Respect

That afternoon, the weather was very hot, and my daughter, who had just risen to grade six, and I were on the same side of the hall. I sat on the sofa reading while holding a book. She sat at the table doing her homework.
I felt thirsty and shouted, “Kejun!”
She looked up at me: “hmm?”
I said, “Pour me a glass of ice water, will you?”
She put down her pen and went into the kitchen without saying anything. Later on, she came out with a large glass of ice water.
I took it, took a few gulps, “gurgling” and put the cup on the small table. then I wandered into the book again. However, after reading two or three lines, I found my daughter standing like a fossil, motionless. I looked up at her suspiciously, and she said unambiguously: “mom, you always teach us to be polite, say thank you for big things and say thank you for small things.” But now, why do you not even say a thank you when I pour you water? ”
The water I drank was obviously cold, but it changed like magic in my body, burning my whole body so hot that even my face was burned red.
Ah, I only do what I say but not what I do. My words and deeds are different. When asked face to face by children, they really want to turn into a wind and fly away.
I am deeply ashamed of my double standards.
I will never forget to thank outsiders for their help, such as opening the door conveniently, answering the phone on my behalf, etc. but for my own children, I take everything for granted. the word “thank” is just like gold and is not easy to export. The daughter may have been “forbearing” for a long time, but when she could no longer bear it and refused to bear it again, she asked “questions”.
As a matter of fact, the most easily overlooked part for adults is that children also need respect. Subconsciously, we regard ourselves as their “rice team leader”. We always command them to run around and do things. Now, listen to these words:

“Hey, wash the dishes!”
“The floor is so dirty, it won’t be wiped!”
“Help me to buy ten eggs!”
“Move the old newspaper to the door!”
“What is the telephone number of that restaurant?”
“Change the battery for the wall clock!”
The child obediently cleaned the dishes, wiped the floor clean, bought no less than ten eggs, tied up the old newspaper and sent it back and forth to the gate several times, checked out the telephone number accurately and accurately, and made the old wall clock vigorous after changing the battery.
However, how many fathers or mothers will take the initiative to say “thank you” to their children sincerely?
The word “thank you” is actually the lubricant of life, which can make the relationship between family members better and more harmonious. It is also a fragrance in the living room, which can make life more fragrant.
In addition, there is another lubricant in life, which can turn war into peace and hostility into peace. The name of this lubricant is called “Sorry”.
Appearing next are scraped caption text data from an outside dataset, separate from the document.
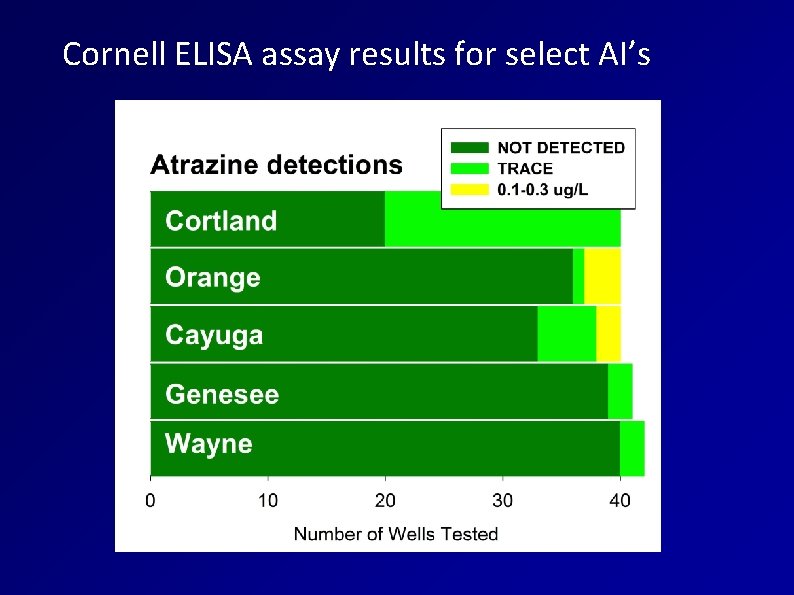Cornell ELISA assay results for select AI’s 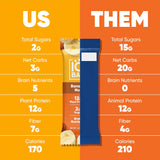iqbar banana nut clean plant protein bar keto vegan high fiber 12 count gluten dairy free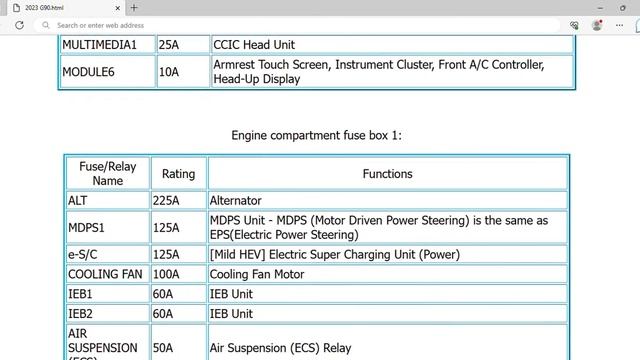 2023 Genesis G90 Fuse Box Info | Fuses | Location | Diagrams | Layout смотреть онлайн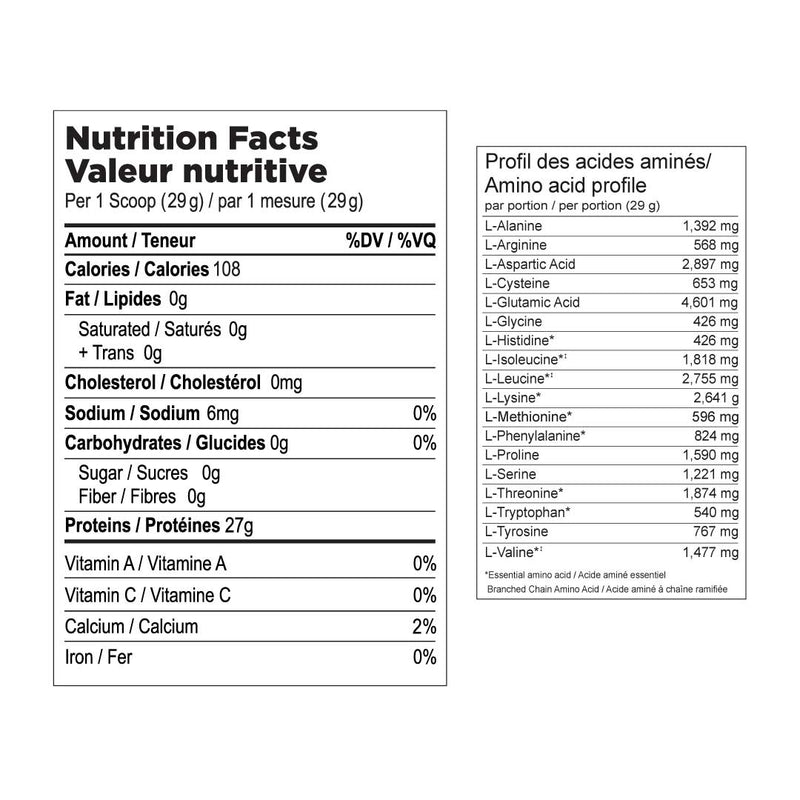 WHEY PROTEIN ISOLATE UNFLAVORED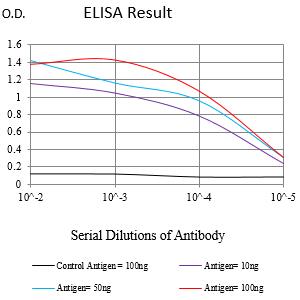 Mouse Monoclonal Antibody to CD162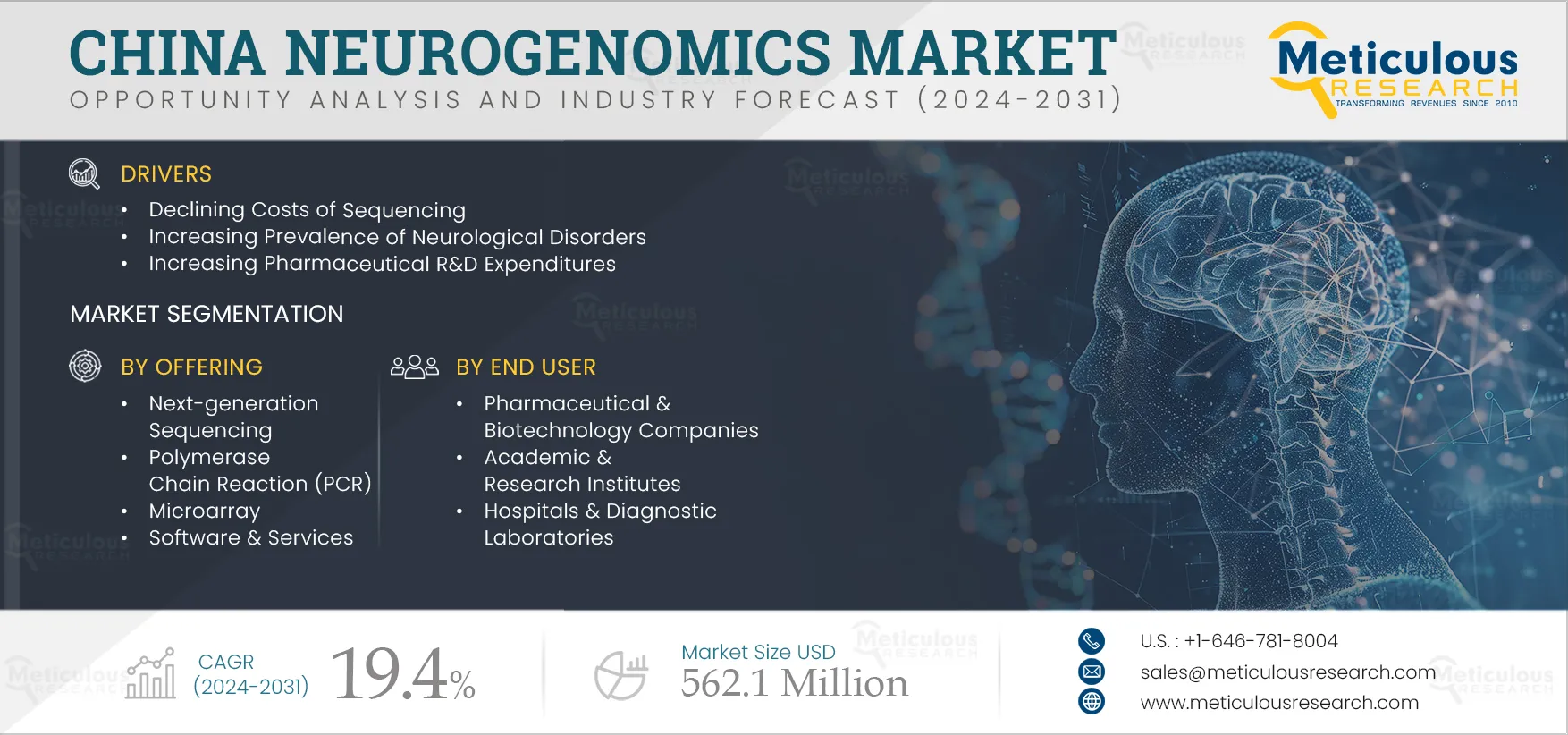  China Neurogenomics Market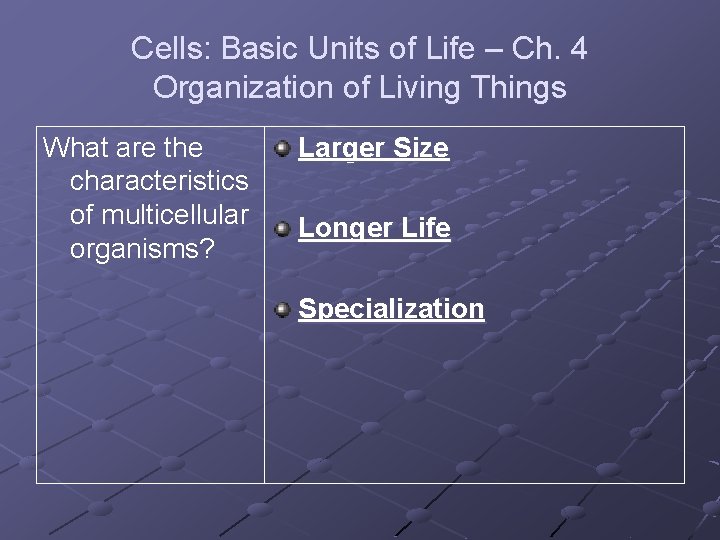 Cells: Basic Units of Life – Ch. 4 Organization of Living Things What are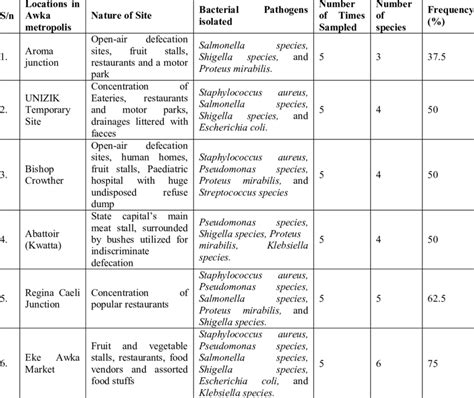 Bacterial pathogens isolated from various locations | Download Table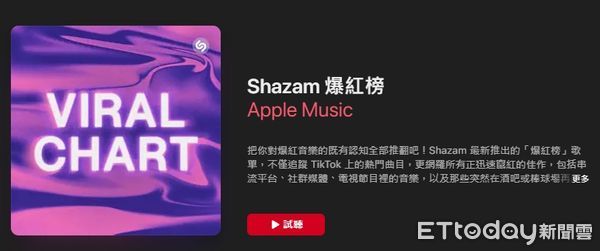 ▲▼Shazam推出「Viral Chart」熱歌榜單。（圖／Apple）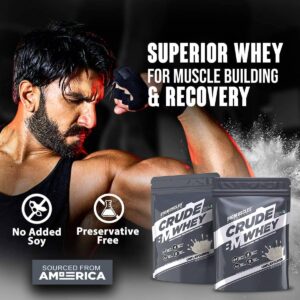Budget-Friendly Whey Protein For Everyone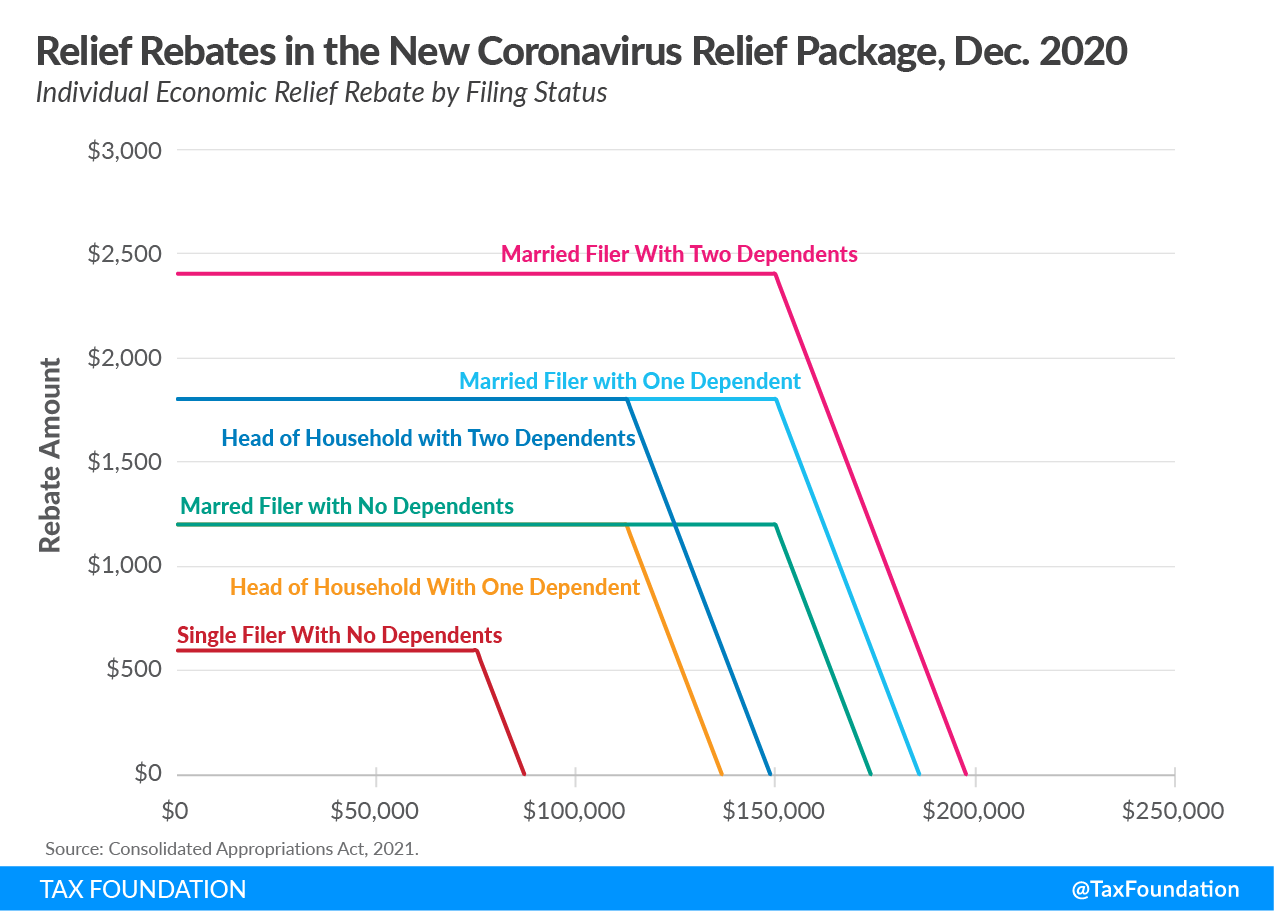 Coronavirus Relief Bill: 8 Things for Small Businesses to Know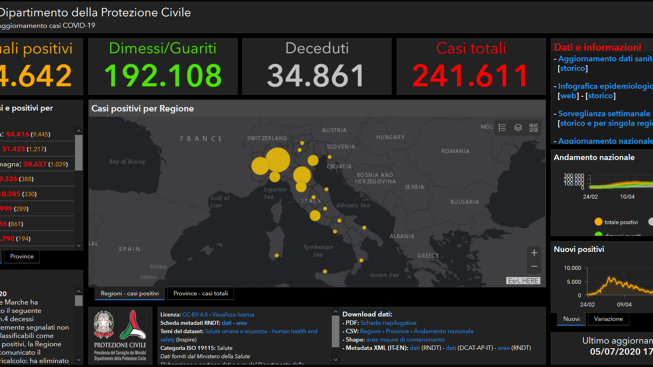 coronavirus-5-luglio-2020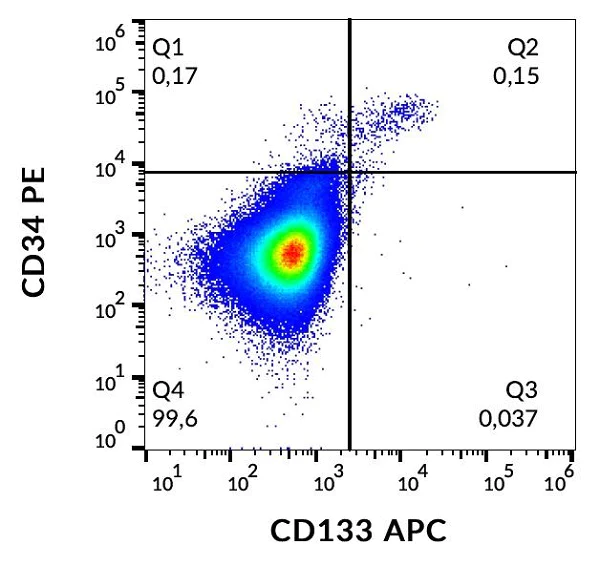 Flow Cytometry - APC Anti-CD133 antibody [293C3] (AB253259)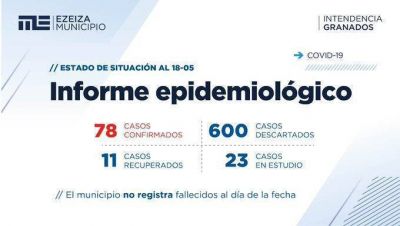 Coronavirus en Ezeiza: ya son 78 los casos positivos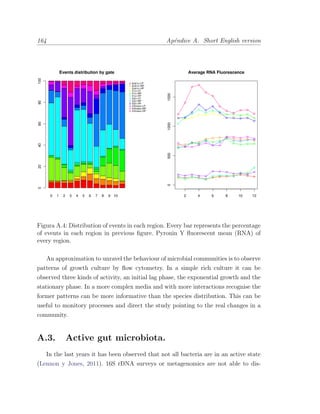 164 Ap´endice A. Short English version
Figura A.4: Distribution of events in each region. Every bar represents the percentage
of events in each region in previous ﬁgure. Pyronin Y ﬂuorescent mean (RNA) of
every region.
An approximation to unravel the behaviour of microbial communities is to observe
patterns of growth culture by ﬂow cytometry. In a simple rich culture it can be
observed three kinds of activity, an initial lag phase, the exponential growth and the
stationary phase. In a more complex media and with more interactions recognise the
former patterns can be more informative than the species distribution. This can be
useful to monitory processes and direct the study pointing to the real changes in a
community.
A.3. Active gut microbiota.
In the last years it has been observed that not all bacteria are in an active state
(Lennon y Jones, 2011). 16S rDNA surveys or metagenomics are not able to dis-
 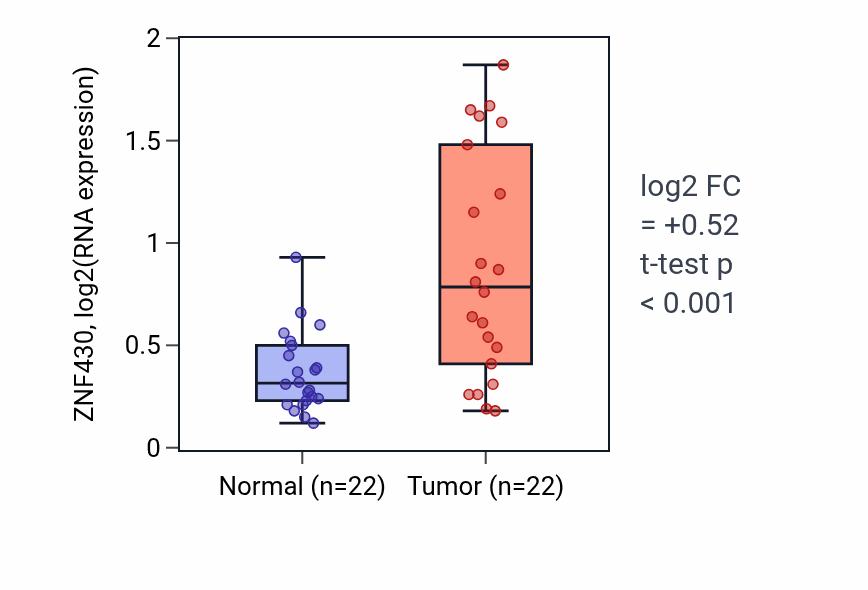 Tumor-vs-normal expression box plot for ZNF430 RNA in LIHC.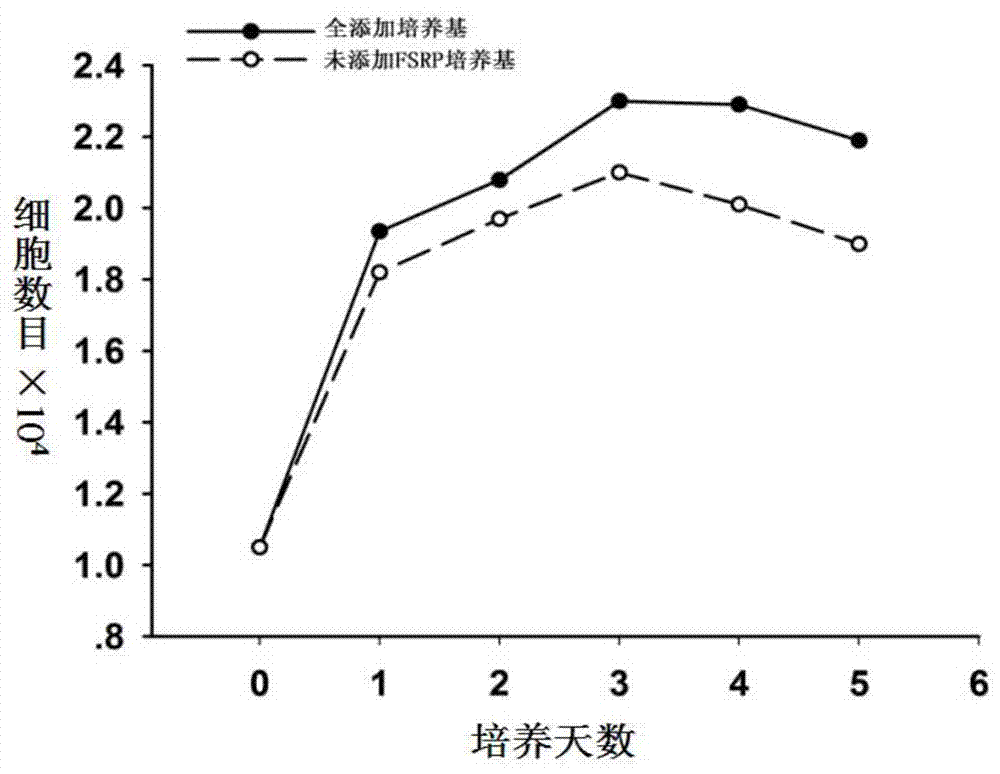 Application of grass carp FSRP-3 to culture medium and special culture medium for grass carp muscle satellite cells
I remember once, our family and in-laws went out for dinner together and filled a table with excitement. My daughter happily talked with her cousin about everything. I told my in-laws in detail as a gossip because I was not satisfied with something she did. Unexpectedly, in the noisy environment, the daughter with extremely sharp hearing listened to everything in her ears. She left the table quietly and did not come back for a long time. Later, I found her in the toilet. She said with rain, “This is our family business. Why do you want to tell others? Don’t you have to make it clear to me in person? ”
I knew I was wrong and immediately hugged her and said sorry to her.
While we are educating our children, they are also educating us.